Outside of corporate budget woes Lead Discovery has seen a huge increase in dishonest advertising. From "free grants" to "Google Cash" to straight up lies for Credit Card and Foreclosure relief. This reality has been supported in many conversations I have had with my peers in the lead generation space.
It's an easy game for dishonest marketers to succeed at. If you publish a completely sensational and dishonest text ad it will be clicked on more often than its comparatively boring and honest neighbors. This results in a high CTR on networks like Adwords, Yahoo and Adcenter as well as a lower CPC. And if they lie on their ads there is little doubt their landing pages are just as misleading. Unfortunately, Google and the like will not monitor nor punish deceptive advertising. I don't believe they are ignoring it simply to make more money, but instead they are pushing it off because it is a slippery slope to making them a de facto arbiter of what is false and deceptive advertising. Or putting them in a position to have to legally defend each and every business they approve to run ads on their network. Leave that to the FTC they say.
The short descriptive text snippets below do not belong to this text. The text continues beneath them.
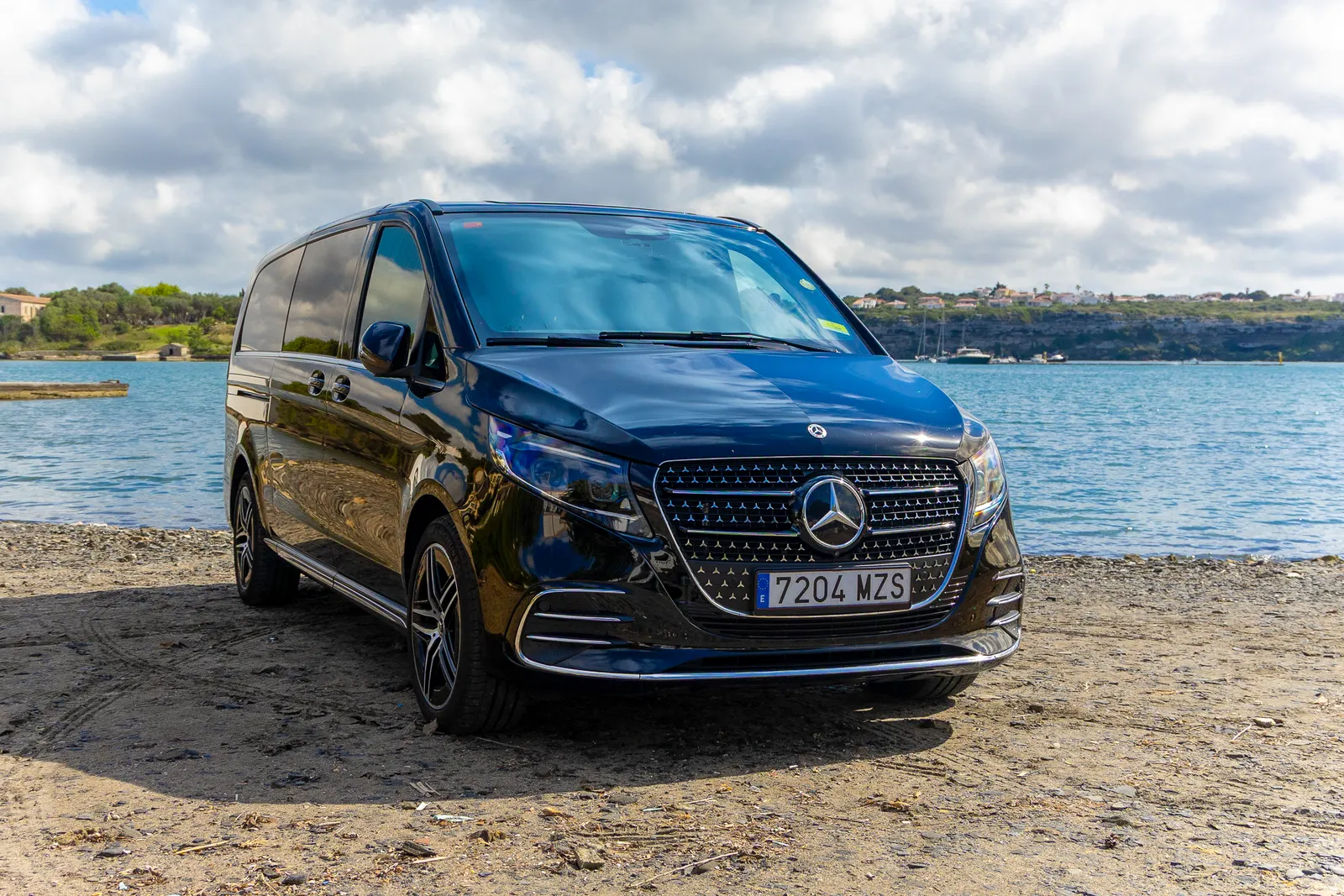 Mercedes Clase V negro de Menorca Bus junto a una bahía de Menorca, listo para una celebración.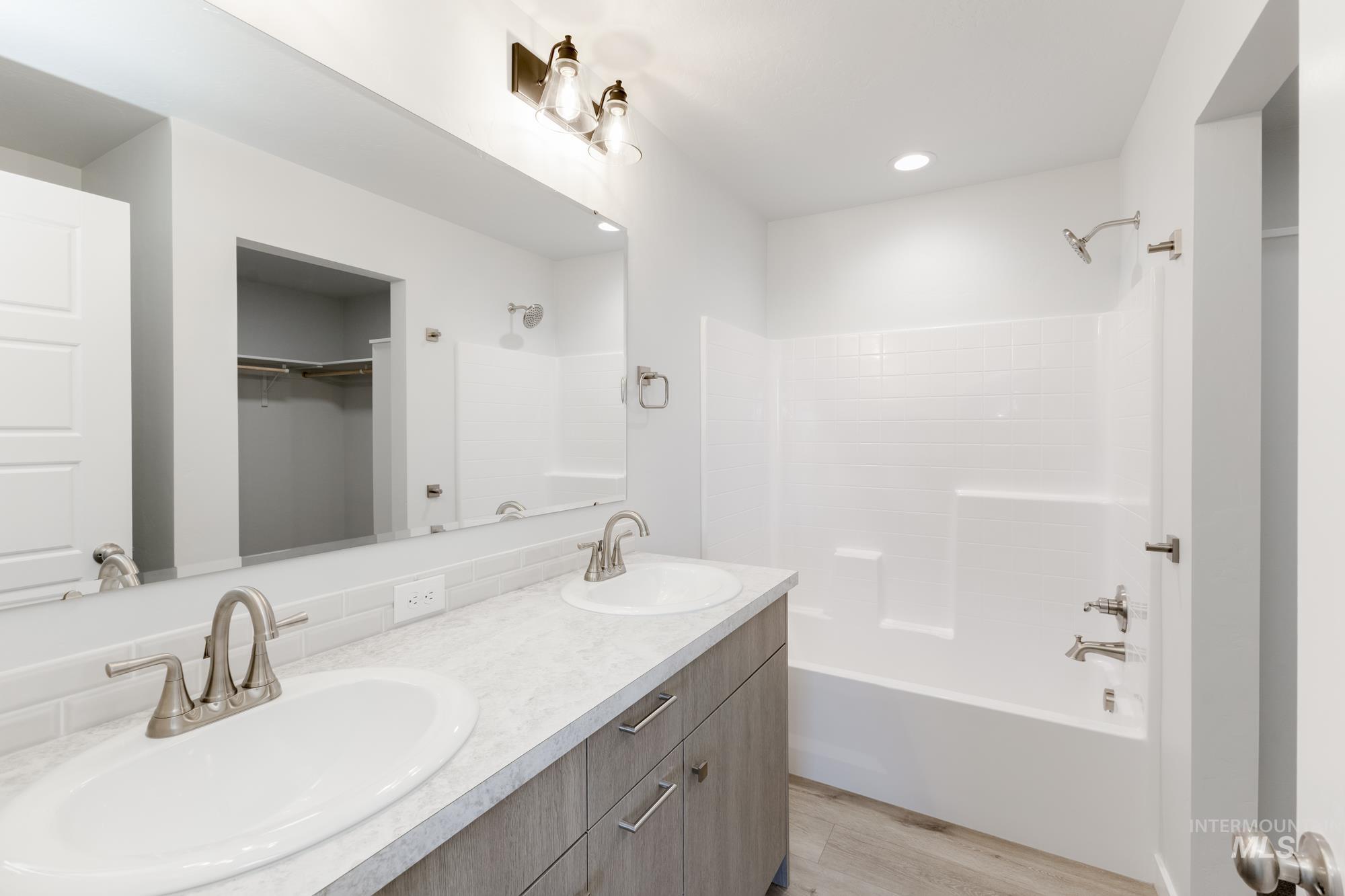 Full bathroom with shower / bath combination, light wood-style floors, double vanity, a spacious closet, and recessed lighting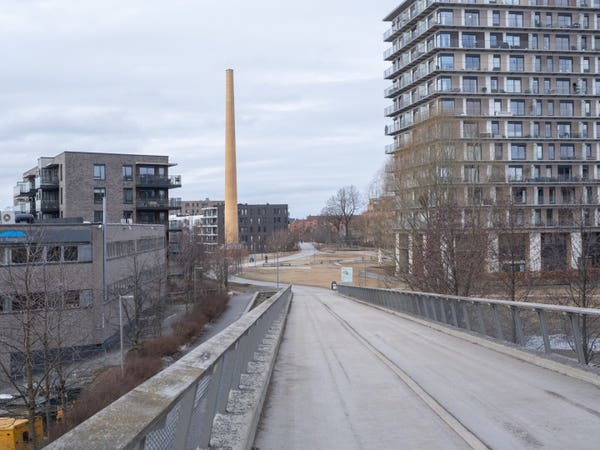 From a pedestrian road towards town. Apartment buildings on both sides. An old factory chimney ahead.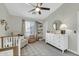 This airy Bedroom features a chair, dresser, crib and sunny window views at 2402 E 5Th St # 1455, Tempe, AZ 85288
In the mean time, companies like ours are getting penalized for telling the truth and putting forth honest marketing campaigns. Slowly we have pulled out of the CTR based PPC space opting for other methods of advertising where we can pay for placement, or have a longer ad to distinguish our marketing message from the scammers.
The economy may be having a significant impact on overall online ad spend, however deceptive advertising, click fraud and trademark infringement will continue to erode marketer's confidence in SEM until the SE's muster up the courage to take action against it.